Physicians showed signs of negative response to sicker or more emotionally distressed patients, both in their behavior and in their ratings of satisfaction with the visit. Sicker patients also behaved more negatively than healthier patients. However, physicians also engaged in a variety of positive and professionally appropriate behaviors with the sicker or more distressed patients. This mixed pattern of responses is discussed in terms of alternative frameworks: the physician's goals, reciprocation of affect, and ambivalence on the part of the physician.

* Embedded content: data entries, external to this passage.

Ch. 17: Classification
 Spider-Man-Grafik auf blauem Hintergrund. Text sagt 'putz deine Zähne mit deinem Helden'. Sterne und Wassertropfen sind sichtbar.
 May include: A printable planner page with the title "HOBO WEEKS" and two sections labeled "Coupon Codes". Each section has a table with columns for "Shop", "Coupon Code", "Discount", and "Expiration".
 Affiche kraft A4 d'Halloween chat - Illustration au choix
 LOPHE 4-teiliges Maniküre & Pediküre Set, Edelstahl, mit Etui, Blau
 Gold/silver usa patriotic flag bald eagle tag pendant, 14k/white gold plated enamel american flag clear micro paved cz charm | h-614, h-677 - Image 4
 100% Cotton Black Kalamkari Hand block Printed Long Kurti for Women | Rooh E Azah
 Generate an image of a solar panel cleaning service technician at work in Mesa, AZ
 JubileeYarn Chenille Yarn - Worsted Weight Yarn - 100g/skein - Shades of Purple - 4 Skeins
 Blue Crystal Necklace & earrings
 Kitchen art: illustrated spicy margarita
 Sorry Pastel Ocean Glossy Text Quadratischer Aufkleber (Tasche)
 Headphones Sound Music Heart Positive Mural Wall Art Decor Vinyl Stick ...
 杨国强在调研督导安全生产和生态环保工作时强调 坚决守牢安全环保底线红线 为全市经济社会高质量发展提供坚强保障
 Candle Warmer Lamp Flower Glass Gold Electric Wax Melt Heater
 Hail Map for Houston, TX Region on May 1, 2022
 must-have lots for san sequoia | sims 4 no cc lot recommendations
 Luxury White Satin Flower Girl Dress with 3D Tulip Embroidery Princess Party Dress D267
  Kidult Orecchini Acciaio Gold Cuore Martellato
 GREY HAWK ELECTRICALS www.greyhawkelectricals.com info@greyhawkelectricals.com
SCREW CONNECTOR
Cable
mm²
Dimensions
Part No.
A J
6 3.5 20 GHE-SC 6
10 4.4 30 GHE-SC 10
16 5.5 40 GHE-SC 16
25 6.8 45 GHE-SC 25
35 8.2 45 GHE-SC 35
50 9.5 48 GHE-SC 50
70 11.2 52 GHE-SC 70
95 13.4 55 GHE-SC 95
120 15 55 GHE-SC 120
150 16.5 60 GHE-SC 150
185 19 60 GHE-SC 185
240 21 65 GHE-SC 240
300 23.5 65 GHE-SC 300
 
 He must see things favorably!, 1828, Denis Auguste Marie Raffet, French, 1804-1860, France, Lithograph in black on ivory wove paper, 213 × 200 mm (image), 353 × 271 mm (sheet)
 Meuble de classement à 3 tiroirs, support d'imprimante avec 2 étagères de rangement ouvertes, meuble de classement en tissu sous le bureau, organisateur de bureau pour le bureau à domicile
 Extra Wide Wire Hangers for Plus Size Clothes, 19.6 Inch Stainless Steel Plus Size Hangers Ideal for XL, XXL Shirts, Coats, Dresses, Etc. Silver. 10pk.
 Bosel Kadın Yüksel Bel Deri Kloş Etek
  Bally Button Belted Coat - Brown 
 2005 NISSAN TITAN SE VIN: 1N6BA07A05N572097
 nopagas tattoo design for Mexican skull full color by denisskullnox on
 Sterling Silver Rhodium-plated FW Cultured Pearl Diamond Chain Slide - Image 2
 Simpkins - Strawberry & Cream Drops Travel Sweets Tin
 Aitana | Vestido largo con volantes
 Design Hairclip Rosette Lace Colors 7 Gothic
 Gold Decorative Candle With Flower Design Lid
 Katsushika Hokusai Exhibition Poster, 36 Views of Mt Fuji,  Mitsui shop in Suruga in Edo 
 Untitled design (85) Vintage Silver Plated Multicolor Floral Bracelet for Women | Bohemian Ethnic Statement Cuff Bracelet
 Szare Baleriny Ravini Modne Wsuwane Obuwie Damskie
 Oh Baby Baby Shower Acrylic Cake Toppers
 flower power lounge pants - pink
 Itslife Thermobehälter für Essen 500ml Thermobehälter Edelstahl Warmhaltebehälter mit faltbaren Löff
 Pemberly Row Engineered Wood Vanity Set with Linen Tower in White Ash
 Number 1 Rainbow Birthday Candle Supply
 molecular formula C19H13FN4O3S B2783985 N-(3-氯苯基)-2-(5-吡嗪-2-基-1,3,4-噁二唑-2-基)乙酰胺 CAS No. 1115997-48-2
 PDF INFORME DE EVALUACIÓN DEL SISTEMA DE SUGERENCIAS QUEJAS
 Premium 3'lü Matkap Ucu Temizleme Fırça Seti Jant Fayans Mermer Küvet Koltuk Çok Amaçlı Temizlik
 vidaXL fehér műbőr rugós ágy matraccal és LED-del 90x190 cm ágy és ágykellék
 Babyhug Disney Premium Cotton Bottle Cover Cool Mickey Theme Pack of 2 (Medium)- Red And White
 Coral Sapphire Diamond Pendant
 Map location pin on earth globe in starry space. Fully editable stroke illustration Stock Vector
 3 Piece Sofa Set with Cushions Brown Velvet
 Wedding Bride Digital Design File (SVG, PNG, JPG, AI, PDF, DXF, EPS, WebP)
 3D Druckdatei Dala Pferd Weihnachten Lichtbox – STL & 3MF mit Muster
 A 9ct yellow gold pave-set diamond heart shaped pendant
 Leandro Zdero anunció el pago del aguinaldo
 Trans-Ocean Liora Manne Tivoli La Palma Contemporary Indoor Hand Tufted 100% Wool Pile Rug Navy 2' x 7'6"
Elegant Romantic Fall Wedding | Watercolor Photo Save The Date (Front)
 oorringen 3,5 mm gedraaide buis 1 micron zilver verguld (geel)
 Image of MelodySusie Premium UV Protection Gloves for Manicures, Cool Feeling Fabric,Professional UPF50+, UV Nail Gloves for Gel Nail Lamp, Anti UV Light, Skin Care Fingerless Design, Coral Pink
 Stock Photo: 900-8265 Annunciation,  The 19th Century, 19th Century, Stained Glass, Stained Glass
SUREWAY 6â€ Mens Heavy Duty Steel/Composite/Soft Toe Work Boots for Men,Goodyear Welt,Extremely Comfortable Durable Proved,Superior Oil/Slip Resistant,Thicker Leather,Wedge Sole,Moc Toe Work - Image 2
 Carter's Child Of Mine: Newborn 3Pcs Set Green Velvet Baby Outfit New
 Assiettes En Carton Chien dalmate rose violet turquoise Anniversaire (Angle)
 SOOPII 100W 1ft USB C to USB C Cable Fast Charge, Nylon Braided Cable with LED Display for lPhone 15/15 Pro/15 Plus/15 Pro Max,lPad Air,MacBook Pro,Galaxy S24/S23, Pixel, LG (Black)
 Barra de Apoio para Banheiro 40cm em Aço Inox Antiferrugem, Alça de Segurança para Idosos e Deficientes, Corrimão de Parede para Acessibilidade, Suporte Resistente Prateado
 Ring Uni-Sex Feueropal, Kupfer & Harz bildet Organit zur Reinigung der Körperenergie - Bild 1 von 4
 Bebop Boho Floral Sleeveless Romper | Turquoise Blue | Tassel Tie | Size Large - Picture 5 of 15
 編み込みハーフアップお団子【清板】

The patient's health status appears to influence physician-patient communication. In clinical practice, increased attention by physicians to their own and their patients' behavior may enhance diagnosis and prevent misunderstandings.
虽然已知一些患者特征与医疗问诊中医生和患者的沟通有关,但对于患者健康状况对沟通过程的影响却知之甚少。作者在四项原创研究中评估了患者的身体和情绪健康状况与医生和患者之间言语和非言语沟通的关系,并使用荟萃分析程序综合了四项研究的结果。
在四项关于常规门诊就诊的原创研究中(涉及250多名医生和1300多名患者),测量了健康状况,并对录音带或录像带记录进行编码,以获取言语内容以及表明医生和患者双方与任务相关行为和情感反应的非言语线索。通过医生和/或患者作为信息来源获取了身体和心理健康数据;在两项研究中,还测量了医生对就诊的满意度。通过偏相关控制了医生和患者所有可用的背景特征。所使用的荟萃分析程序包括未加权和加权(按样本量)平均偏相关、跨研究的联合P值(斯托弗方法)以及效应大小异质性检验。
医生在行为和对就诊满意度的评分方面,均表现出对病情较重或情绪困扰较大患者的负面反应迹象。病情较重的患者行为也比健康患者更消极。然而,医生也会对病情较重或困扰较大的患者采取各种积极且符合专业规范的行为。根据不同的框架讨论了这种混合反应模式:医生的目标、情感的 reciprocation以及医生的矛盾心理。
患者的健康状况似乎会影响医患沟通。在临床实践中,医生更多地关注自身和患者的行为可能会提高诊断效果并避免误解。